IN the late 1860s, when John Lavery ran away to Glasgow, he was so poor that he scavenged scraps of food from the streets and washed them in fountains. By the age of 32, he had won a gold medal at the Paris Salon and been commissioned to paint Queen Victoria. He would become a Society portraitist of international renown, whose cosmopolitan lifestyle echoed that of his patrons.
As Lavery scholar Kenneth McConkey has observed, it seems the artist lived more than one life. This is a theme of the new exhibition Prof McConkey has co-curated. 'Lavery. On Location' takes us from Ireland to California, encountering along the way Lavery the French naturalist, the Glasgow Boy, the Orientalist; Lavery the war artist and Irish mediator; Lavery the painter of portraits, landscapes and historical events; and Lavery the globetrotting observer of modern life.

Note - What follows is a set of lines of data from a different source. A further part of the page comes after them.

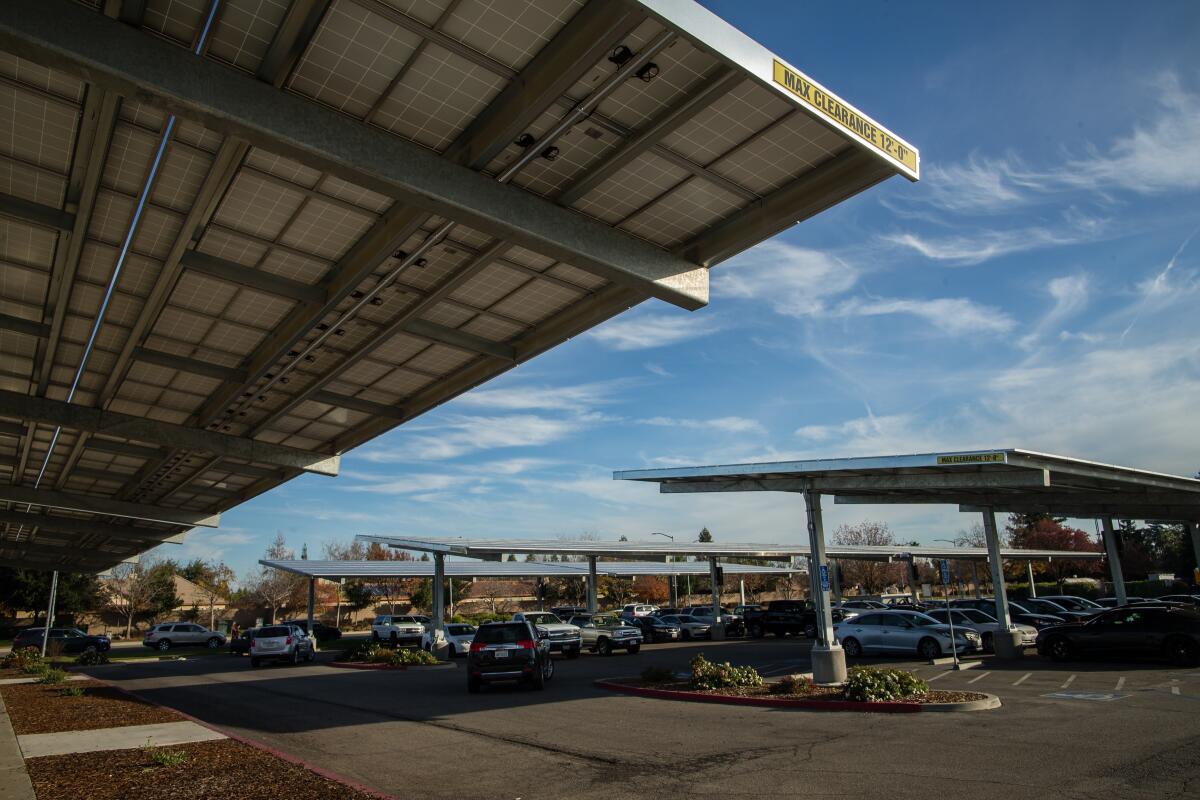 Solar panel structures provide shade to vehicles in a parking lot 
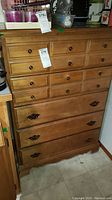Full view of the wood dresser showing upper and lower drawer sections, drawer hardware, and overall finish.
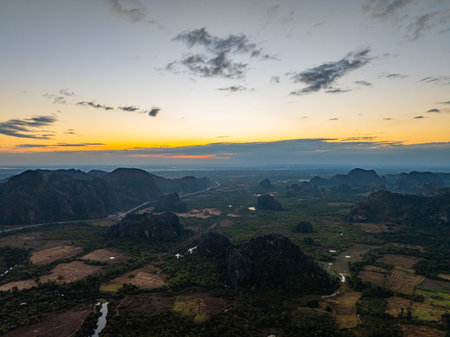 The aerial sunset landscape evokes tranquility and adventure, showcasing the timeless beauty of...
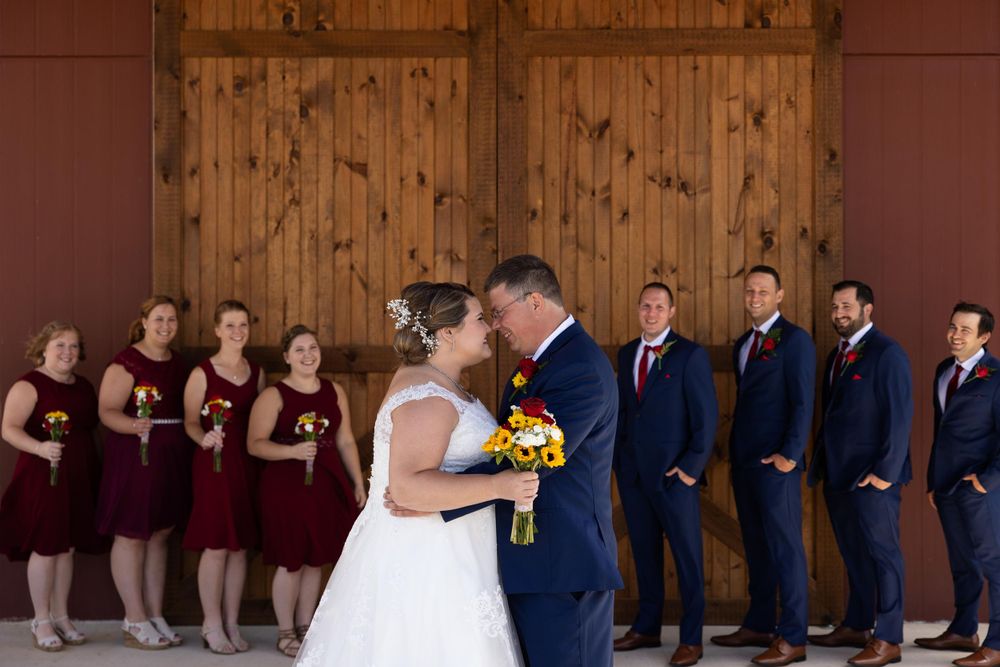 Wedding party lines up against wooden barn door with bridesmaids in burgundy and groomsmen in navy.
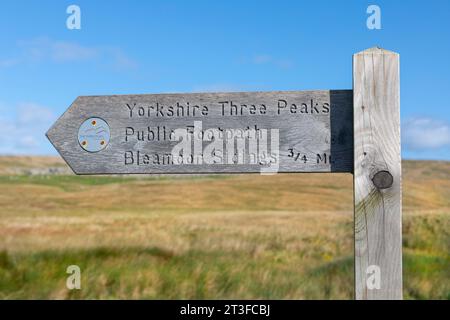 Un cartello di legno per il sentiero pubblico Yorkshire Three Peaks che indica i binari di Bleamoor Foto Stock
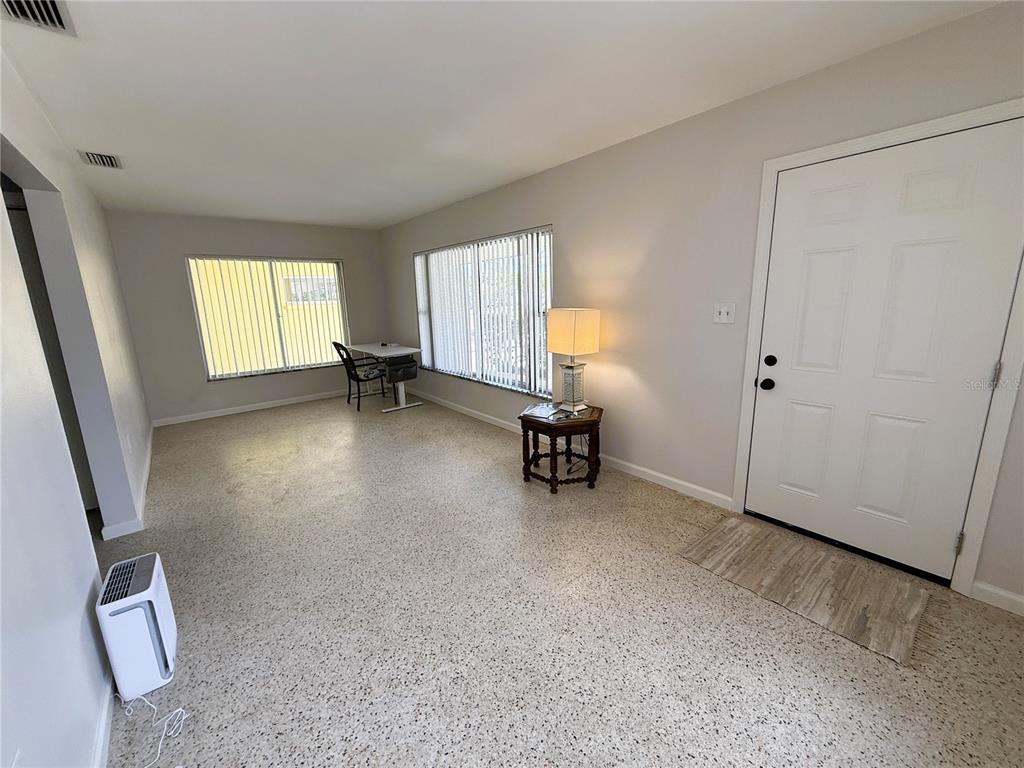 A living room features light-colored walls, terrazzo flooring, vertical blinds, and a white front door — 14017 W PARSLEY DRIVE, MADEIRA BEACH, FL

It's an impressive trajectory for the son of a failed wine merchant from Catholic Belfast. Orphaned when he was three, Lavery lived on his uncle's Ulster farm until, aged 10, he was shipped off to Ayrshire to stay with another relation who ran a pawn shop. He escaped to Glasgow, where he shared dosshouse mattresses, ate at food depots and took menial jobs. Familiar only with gaudy lithographs, he became obsessed by drawing, for which he was given 'the first words of encouragement I had ever known'. He got an apprenticeship colouring photographs, attended classes at the Glasgow School of Art and, in about 1876, set himself up as an artist.
Lavery was pleased when his studio burnt down, as the insurance payment enabled him to pursue his studies in London and Paris. He later regretted that his lack of French hampered any chances of getting immersed in the Parisian art scene, although he claimed to have had a painting hung beside Manet's Bar at the Folie Bergères at the 1883 Paris Salon.